Naked Gypsy Queens – Georgiana video
Today, with the release of their debut single “Georgiana,” the Tennessee quartet Naked Gypsy Queens stake their claim as the new heavyweights of rock & roll’s modern-day renaissance. Rooted in amplified blues, hard-charging grooves, and dual lead guitars, the band builds upon the larger-than-life sound of their heroes from the 1960s and ’70s, keeping the flame burning for old-school hard rock while using their own 21st century fuel. Having just been signed to Mascot Records, the band’s debut full-length album is slated for release in late 2021.
Formed while all four members were still in high school, Naked Gypsy Queens built their audience the blue-collar way: by plugging in, turning up, and playing out. They cut their teeth on the classics — the Rolling Stones, MC5, the Allman Brothers, and Pink Floyd — and funneled those influences into their own songs, creating an original sound that was loud, aggressive, and filled with supersized hooks. After developing a loyal following in their hometown of Franklin, TN, they set their sights on Nashville, quickly becoming one of the city’s premiere rock acts before any of the bandmates had turned 20 years old.

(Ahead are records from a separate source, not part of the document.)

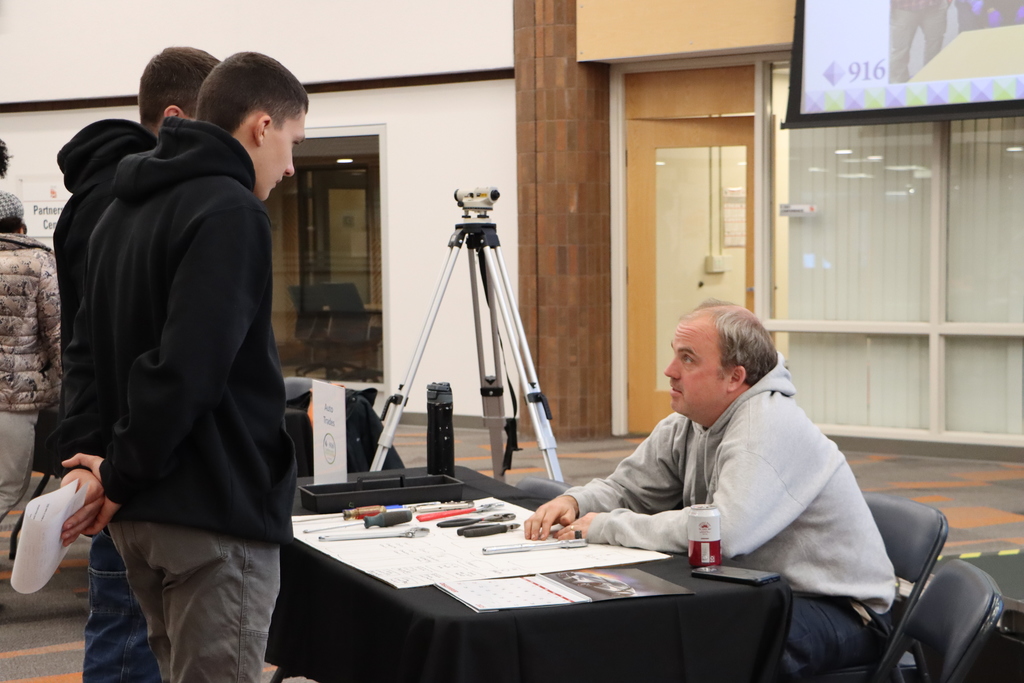 Staff talking with guests at booth.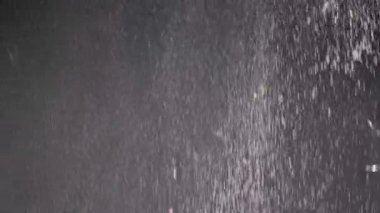 Düşen Konfeti Akıntısı, Toz Parçacıkları ve Kara Arkaplanda Kar Düşüşü. Bulanık soyut dinamik arka plan, uçan süsler, kar taneleri, bulutlu dumandaki beyaz toz. Kar fırtınası, havai fişek.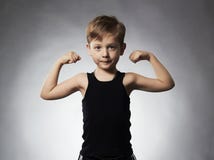 Child. Funny Little Boy.Sport Handsome Boy showing his hand biceps muscles Stock Photo Child. Funny Little Boy.Sport Handsome Boy showing his hand biceps muscles Stock Photo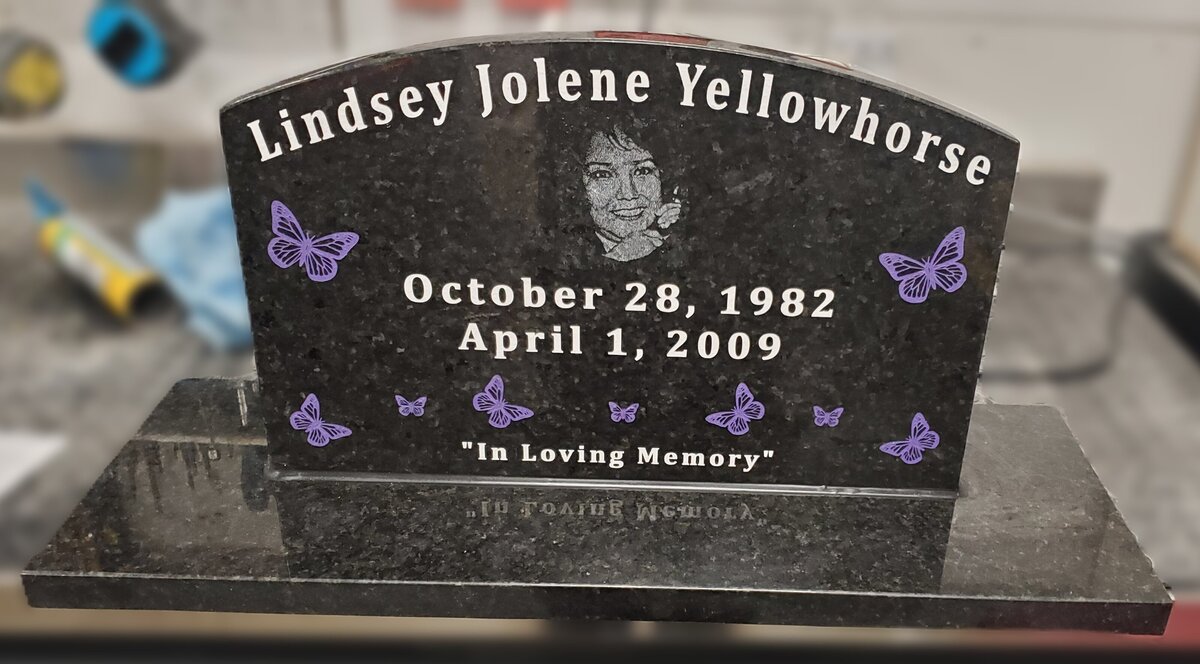 woman headstone butterfly engraved design idea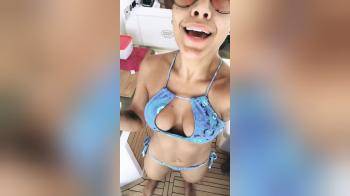 video of Bikini Latina with sunglasses selfie singing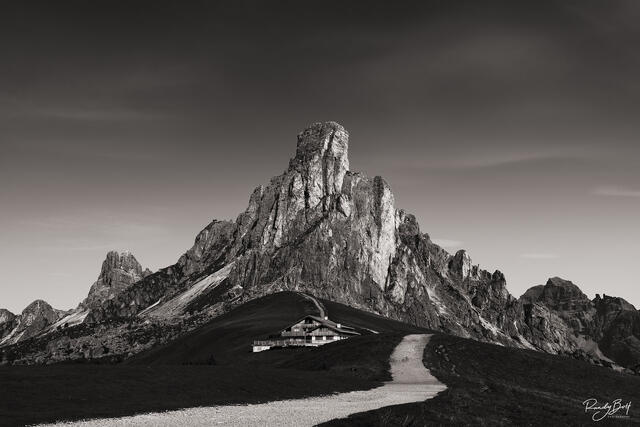 black and white photo of Ra Gusela at Passo Giau in the Italian dolomites with a hut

“Our goal was to become the baddest live band around,” says frontman Chris Attigliato, who shares guitar duties with Cade Pickering. “We were loud. We were a band you had to see onstage. It started to become a cult thing, with lines forming around the block at some venues. We weren’t trying to achieve the highest number of digital streams; we were just doing what we wanted to do, and making the music we wanted to make. As it turned out, we were pushing some buttons, too.”
Showcasing the chemistry between Attigliato, Pickering, bassist Bo Howard, and drummer Landon Herring, “Georgiana“ was recorded in Detroit with studio veterans Marlon Young, Al Sutton, and Herschel Boone – the same team that helmed Greta Van Fleet’s chart-topping Anthem of the Peaceful Army. Legends like Alice Cooper and MC5’s Wayne Kramer stopped by the studio throughout the tracking process, strengthening the bond between Naked Gypsy Queens and the rock icons who came before them.

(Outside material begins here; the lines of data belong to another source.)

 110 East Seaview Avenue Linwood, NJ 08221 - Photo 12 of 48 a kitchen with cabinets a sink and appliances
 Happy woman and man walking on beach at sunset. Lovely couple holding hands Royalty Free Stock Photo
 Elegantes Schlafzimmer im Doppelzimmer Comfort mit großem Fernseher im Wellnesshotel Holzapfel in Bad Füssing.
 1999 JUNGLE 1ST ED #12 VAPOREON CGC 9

“We’ve got an older sound, mixed with something new,” says Howard, who remembers stumbling across Attigliato and Herring in the basement of the boys’ Tennessee high school, bashing their way through Led Zeppelin’s “Whole Lotta Love” with beyond-their-years skill. “From the first time I met these guys, I knew I had to play with them. I knew we could make music that drew in other people our age, while still appealing to those who grew up with this kind of music.”
With a sound that reaches across generations, Naked Gypsy Queens bridge the divide between the genre’s past and future, creating timeless rock & roll for the modern world. Led not only by Chris’ soulful howl, but also the sonic punch of a taught rhythm section and the interlocked riffs of two lead guitarists, Naked Gypsy Queens are royalty in the making.